At the very fundamental level, clothes are still made in the way that they were millennia ago. It's still crop to fibres to yarn to fabric to cloth. You still can't put the (harvested) crop at one end of a machine and take out a garment from the other. But the nearest that one can come to this—putting a garment at one end and take out a refurbished one at the other—is indeed possible.
The Hong Kong Research Institute of Textiles and Apparel's (HKRITA) novel Garment-to-Garment (G2G) Recycle System has been doing that. Set up in 2018, the G2G system is a mini-scale production line set up in a retail shop recycling post-consumer garment to a new one. It is more than proof of concept; it shows that integral and closed-loop garment recycling can indeed be done, and that too without using any water and chemicals.

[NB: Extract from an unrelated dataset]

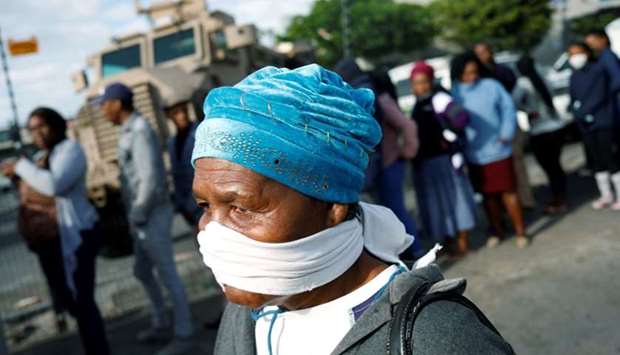 An elderly woman covers her face with a makeshift mask as people queue to collect social grants and shop during a 21 day nationwide lockdown aimed at limiting the spread of coronavirus disease  in Khayelitsha township near Cape Town, South Africa, March 31.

The other side of the story is this: no big-time manufacturer or brand has been able to do this at the industrial or mass scale. The closest is H&M's Looop, which in any case is a G2G derivative.

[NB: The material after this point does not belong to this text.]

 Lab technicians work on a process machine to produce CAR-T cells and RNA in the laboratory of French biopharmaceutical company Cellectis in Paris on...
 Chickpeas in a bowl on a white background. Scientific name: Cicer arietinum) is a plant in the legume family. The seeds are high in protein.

The technology behind the Looop was created by the non-profit H&M Foundation, together with HKRITA and Hong Kong-based yarn spinner Novetex Textiles. H&M's official description goes thus: "Looop uses a technique that dissembles and assembles old garments into new ones. The garments are cleaned, shredded into fibres and spun into new yarn which is then knitted into new fashion finds. Some sustainably sourced virgin materials need to be added during the process, and we of course work to make this share as small as possible. The system uses no water and no chemicals, thus having a significantly lower environmental impact than when producing garments from scratch." Looop was opened to the public at H&M's Drottninggatan stores in Stockholm in October 2020.